Komisi VII DPR RI Boikot Chappy Hakim – FAJAR.co.id

FAJAR.co.id

Politik

Komisi VII DPR RI Boikot Chappy Hakim

FAJAR.CO.ID, JAKARTA – Bentakan Presiden Direktur PT Freeport Indonesia Chappy Hakim kepada Anggota Komisi VII DPR Mukhtar Tompo berbuntut panjang. Selain dilaporkan ke Bareskrim Mabes Polri, mantan Kepala Staf Angkatan Udara (KSAU) itu dilarang untuk datang ke parlemen.

“Komisi tujuh dari sepuluh fraksi, menandatangani dan menolak kehadiran Chappy untuk melanjutkan rapat dengan komisi tujuh yang akan datang,” ujar anggota Komisi VII DPR Yulian Gunhar saat menggelar konferensi pers di Kompleks Parlemen, Senayan, Jakarta, Selasa (14/2).

Tak sebatas moratorium kedatangan Chappy, Komisi VII DPR juga meminta agar komisaris PT Freeport Indonesia memepertimbangkan kepemimpinan Chappy.

“Secara institusi, lembaga, kita minta komisaris PT Freeport untuk m mencopot saudara Chappy Hakim,” tambah Anggota Komisi VII DPR Zulkieflimansyah yang ikut dalam konferensi pers.

Sementara itu, Wakil Ketua Komisi VII Syaikhul Islam Ali meminta Chappy meminta maaf atas tindakannya kepada Tompo. “Atas nama komisi tujuh, kami mendesak Presiden Direktur PT Freeport Indonesia untuk meminta maaf secara terbuka kepada saudara Mukhtar Tompo, Komisi VII DPR RI dan DPR RI secara kelembagaan dalam forum resmi rapat dengar pendapat umum,” tuturnya.

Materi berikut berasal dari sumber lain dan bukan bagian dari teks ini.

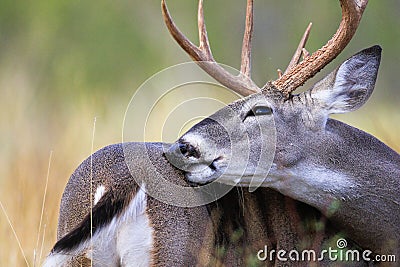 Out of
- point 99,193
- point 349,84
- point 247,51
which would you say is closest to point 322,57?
point 349,84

Syaikhul menyebut, berdasar undang-undang nomor 17 tahun 2014 tentang MPR, DPR, DPD dan DPRD khususnya Pasal 80 anggota diberikan hak buat bertanya, menyampaikan usul dan pendapat, pengawasan dan hak imunitas. Jadi, ketika Mukhtar bertanya pada Chappy soal smelter, itu hal yang wajar dan harus dihargai.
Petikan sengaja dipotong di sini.